I just got my syllabus for a class I’m taking and it has us working in pairs. For an art class. sigh. So this thread has suddenly become very timely for me.
I know one kid who is taking the class that will want to glom onto me for the project, and she never has her stuff together. I’ve already prepared my rejection: “we have different ways of working, and we won’t mesh well on this project.”
This class (surrealist art in media) suddenly went from being my most anticipated class of the summer to my most dreaded. Awesome.
D used the same tactics as @lspreacker. She had a lot of group projects and often had a dud in the group (even in pairs). The dud wasn’t always obvious; sometimes it was a top student who just didn’t know what to do (because they were always told what to do?) Anyway, she often took charge, assigned roles and tasks and set due dates. If she ran into resistance or found the other student wasn’t doing their work, she would update the teacher. A couple of times, she did what lspreacker did - finished the work, and let the partner hang to dry during oral presentations. She would step in and answer questions directed toward the partner so that the entire class and/or judge (often they had outside evaluators) as well as the teacher knew.

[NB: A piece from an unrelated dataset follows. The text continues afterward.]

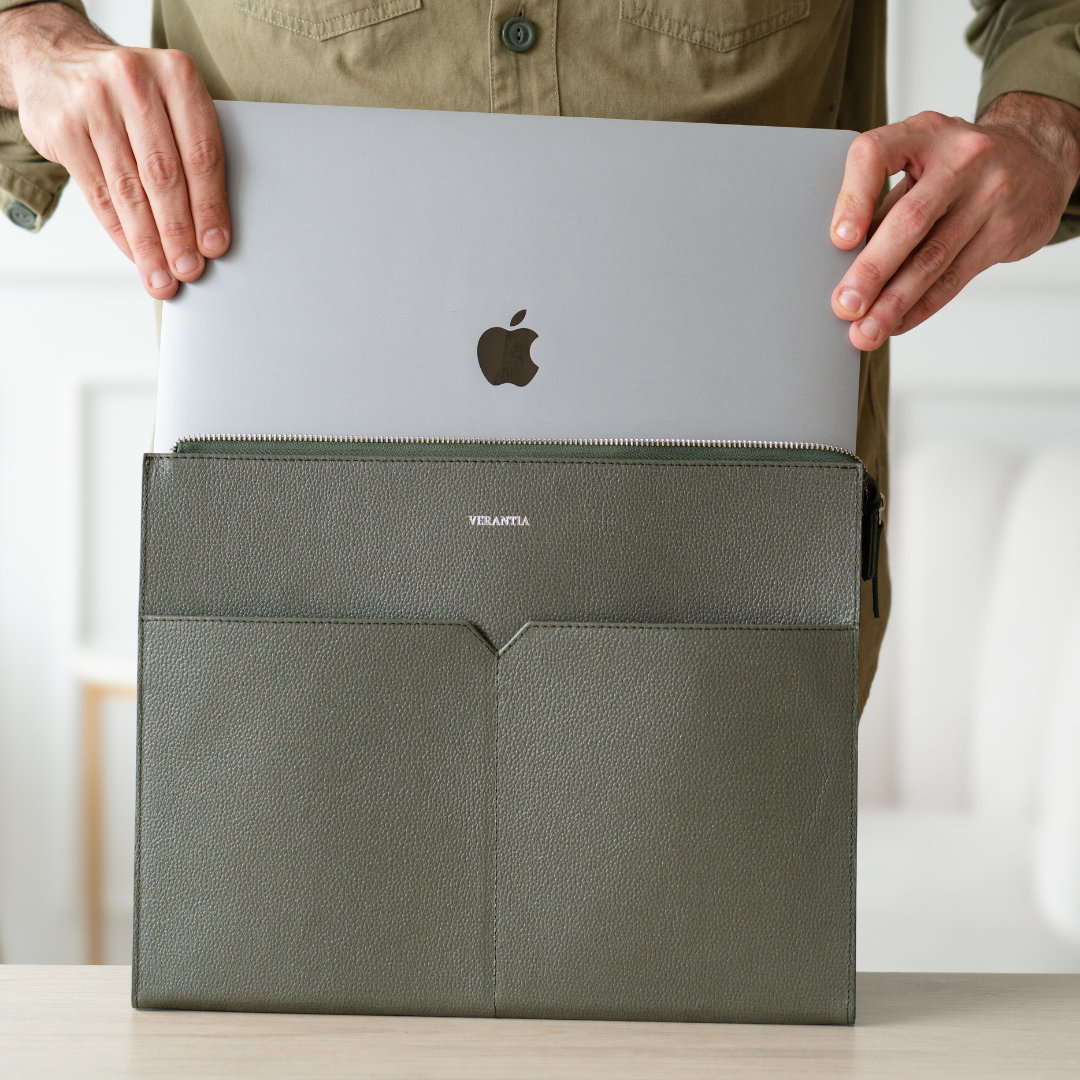Ruffano Laptop Case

This is a life lesson all students need to learn - pull your weight, and what to do when you are pulling others’ weight. You know how the hardworking kids know who the slackers are? Guess what, these slackers also know who will do “all the work”. They know with who they can get away with not doing the work.
.I never contacted other parents and no parent had ever contacted me - except for the parents of a big time slacker. I found out why - these parents took over the entire group project and did all the kids’ work. (My daughter was furious when she found out the mother “proofread and edited” the powerpoint file and introduced typos during the presentation.
Over the years, my kids have bemoaned group projects gone awry. I would then torture them with one of my favorites lines: Dear, LIFE is a group project!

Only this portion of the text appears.